## Exercise
Please retype only the lines below that run from the one containing "Sackträgerinnen von Paul" through the last line, both included, without altering a word.

## Information supplied

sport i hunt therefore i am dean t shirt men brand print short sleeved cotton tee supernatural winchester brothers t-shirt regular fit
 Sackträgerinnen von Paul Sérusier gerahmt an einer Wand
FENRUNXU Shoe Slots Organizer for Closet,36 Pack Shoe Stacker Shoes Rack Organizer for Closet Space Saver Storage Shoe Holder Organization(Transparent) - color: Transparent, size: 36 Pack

## Answer space
 Sackträgerinnen von Paul Sérusier gerahmt an einer Wand
FENRUNXU Shoe Slots Organizer for Closet,36 Pack Shoe Stacker Shoes Rack Organizer for Closet Space Saver Storage Shoe Holder Organization(Transparent) - color: Transparent, size: 36 Pack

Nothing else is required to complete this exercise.